Stats Engines release — April 2026

A vs B's biggest statistical update yet. Three engines, full per-experiment configurability, retrospective and side-by-side comparison views, pre-registered analysis plans, layered peek protection, and a handful of polish features (ROPE, A/A validation, engine-aware health score). This page summarises what shipped and links into the deeper reference docs for each capability.

Anyone running A/B tests in A vs B — whether through the Web Experimentation builder or feature-flag A/B Test rules. The new defaults preserve previous behaviour (Bayesian engine, Auto variance reduction); none of this requires action to adopt.

Three engines, fully configurable

A vs B used to ship a single Bayesian engine. The release adds two more, all selectable per project, per experiment, and per feature-flag rule:

Bayesian(default, unchanged) — reports probability-to-beat-control and credible intervals. Forgiving of mid-experiment peeks.
Frequentist— classical p-values and confidence intervals. Declares significance at the alpha level you set, after the pre-declared sample size is reached.
Sequential— always-valid inference (asymptotic confidence sequences, the AsympCS method Netflix runs in production). Peek as often as you like, stop early when the evidence is in.

Per-experiment statistical configurability

Every analysis option that previously lived only at the project level can now be overridden per experiment (and per flag rule) before launch:

Custom alpha / confidence / Bayesian threshold— one numeric field that reads as 95% confidence, α = 0.05, or 95% chance-to-beat depending on the engine you picked.
Multiple-comparison correction (MCC) for Frequentist experiments with more than two variations: Bonferroni (default), Holm-Bonferroni, Benjamini-Hochberg (FDR), Tiered Bonferroni (no correction on the primary metric, Bonferroni on secondaries), or None.
ROPE (Region of Practical Equivalence)for Bayesian experiments — declare what counts as a meaningful difference, not just any difference. Optional per-experiment field.
Variance reduction (CUPED)— unchanged, but now overridable per experiment alongside the engine.

Sample-size calculator — three modes

The sample-size calculator now ships in three engine-aware modes:

Fixed-horizon— baseline, MDE, alpha, power, daily traffic → required sample size and estimated duration.
Power calculator— sample size, MDE → achieved power. Useful for sanity-checking how confident you can be in a null result.
Duration estimator— daily traffic, MDE → estimated calendar duration to hit the target.

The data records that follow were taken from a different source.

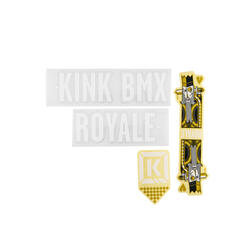 Kink ROYAL Kit d´autocollants gloss white/gold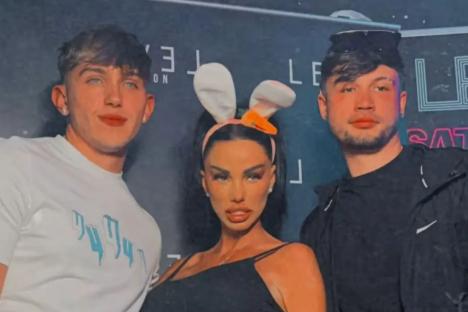 Katie Price, 46, parties with fans inside Bolton nightclub as she dives into ball pit and fires a confetti canon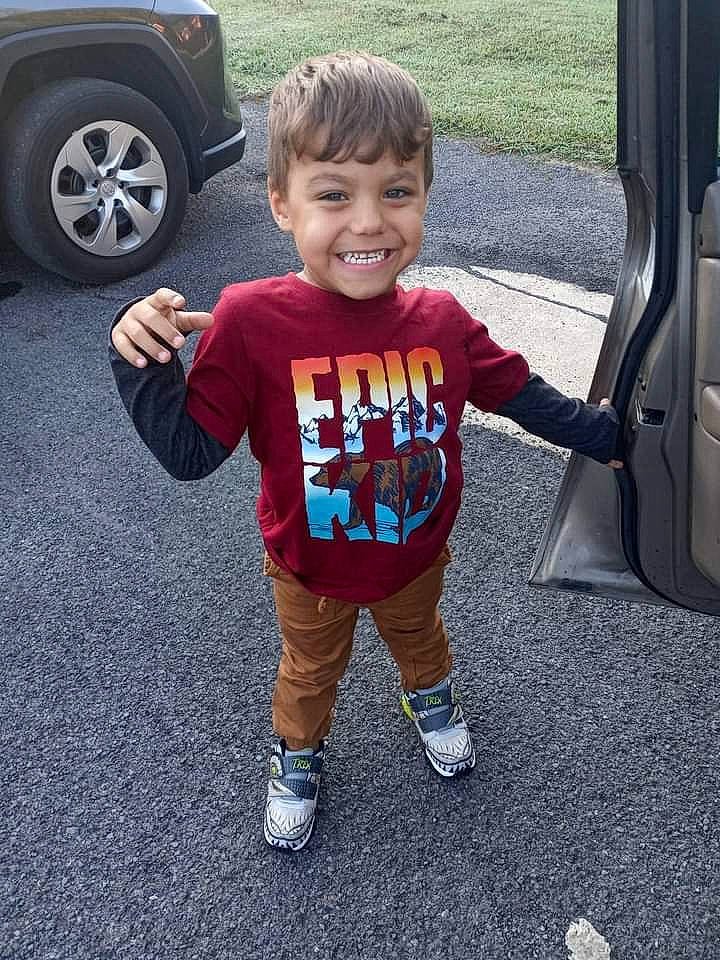 Kaeden joined the competition — help win amazing prizes! asphalt, automotive_exterior, automotive_tire, car, cool, gas, joy, mammal, motor_vehicle, person, shoe, shorts, sleeve, smile, sneakers, sportswear, t_shirt, tire, toddler, vehicle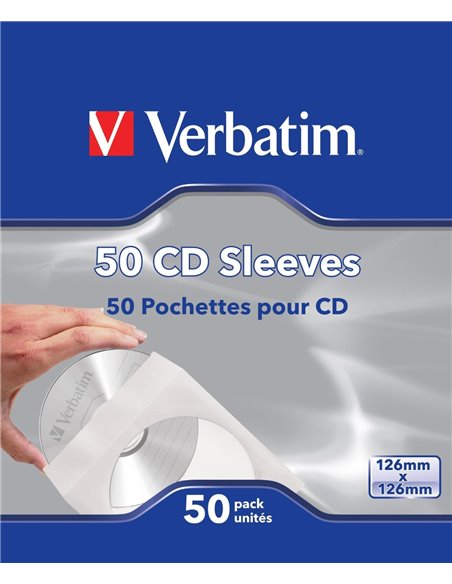CD-DVD PAPER SLEEVES 50 PACK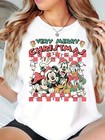 Disney Cute Christmas Mickey Mouse T-shirt Unisex 12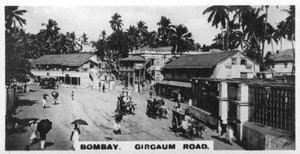 طريق Girgaum ، بومباي ، الهند ، c1925 بواسطة غير معروف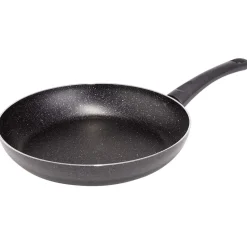 Gifi Cuisson^Poêle effet pierre antiadhérente noir Ø28cm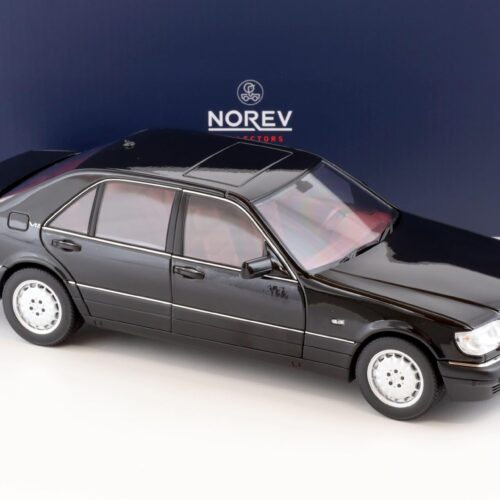 1:18 Norev Mercedes S600 S-Klasse W140 Limousine 1997 black/ red interior 183722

Explore-under and Compare-engines views

The Results page has two new affordances for re-rendering the same experiment under a different engine:

Explore under— a dropdown that re-renders the analysis under Bayesian, Frequentist, or Sequential. Clearly labelled as exploratory; the official engine (locked at launch) is unchanged.
Compare engines— a side-by-side view of all three outputs in one pane. Makes disagreement between methods visible.

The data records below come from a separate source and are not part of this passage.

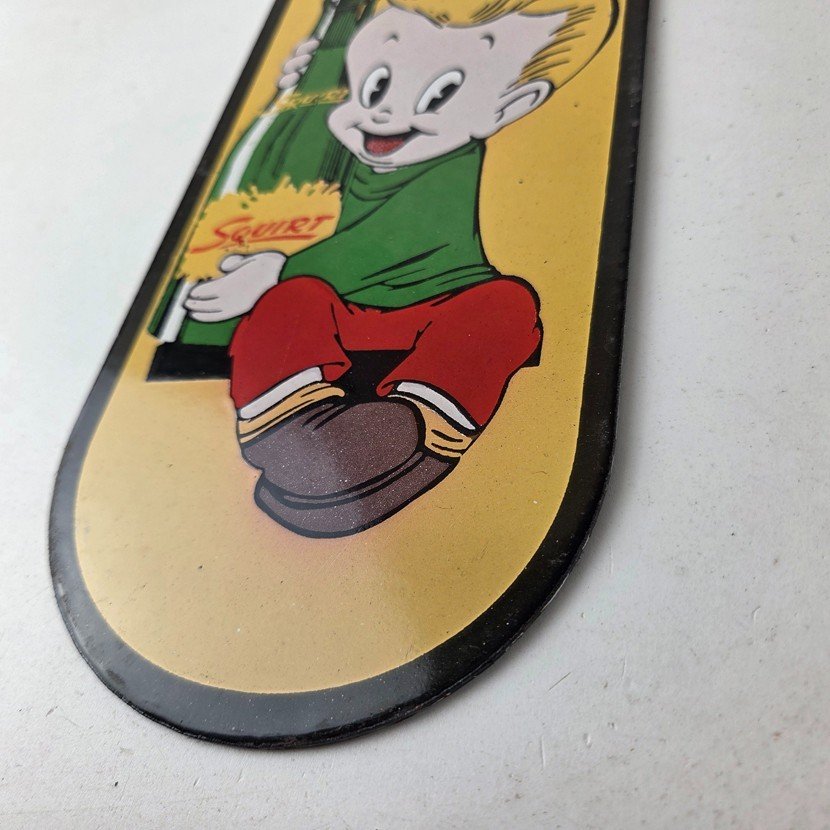 Vintage Squirt Soda Boy Sign - Gas Sales Pump Wall Service Porcelain Sign - Image 14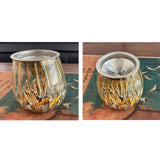 Glass Ashtray With Funnel Lid Minimalist Windproof Ash Tray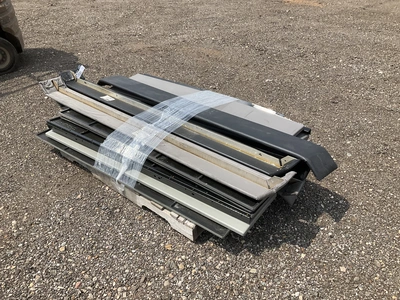 Skid of interior sleeper cab trim panels and cabinet doors for Kenworth Semis, used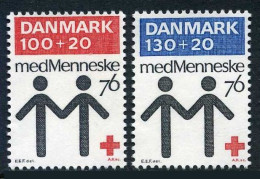 Denmark B53-B54, MNH. Michel 611-614. Danish Red Cross Centenary, 1976. - Ungebraucht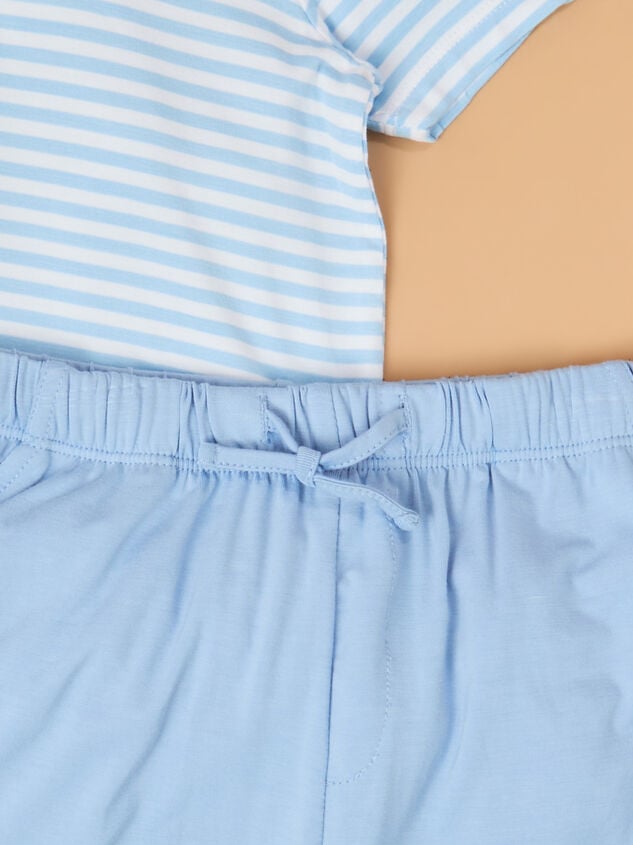 Jack Striped Golf Polo Set Detail 4 - TULLABEE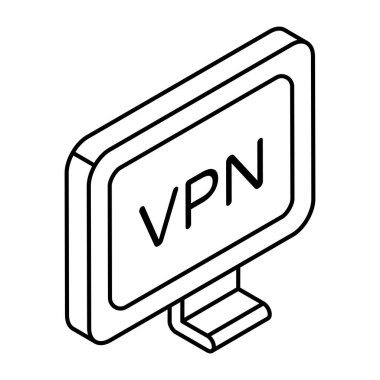 Flat design icon of VPN 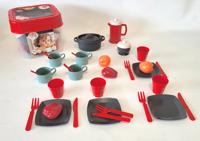 Ecoiffier 100% chef eetset met speeleten, 34dlg. - thumbnail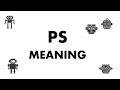 S meaning in text message 227407-S meaning in text message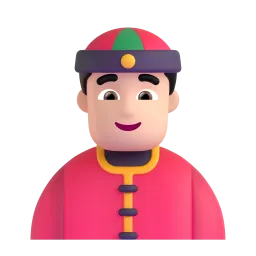 Person with Skullcap: Light Skin Tone emoji on Microsoft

Both work for any past or present experiment, because A vs B already stores raw per-visitor exposures and events. Read more: Comparing engines.

Pre-registered analysis plans

Before launching an experiment, the creator can declare the primary metric, guardrail metrics, secondary metrics, engine, alpha, MCC method, target sample size, and target duration. Once the experiment launches, the plan is sealed— any mid-flight change creates an amendment record visible in the audit trail. The Results page shows which metrics were pre-registered vs added after launch.

Pre-registration is optional per project: turn on the Require pre-registrationtoggle in Project Settings to make every new experiment in the project go through the plan before launch. Read more: Analysis Plans.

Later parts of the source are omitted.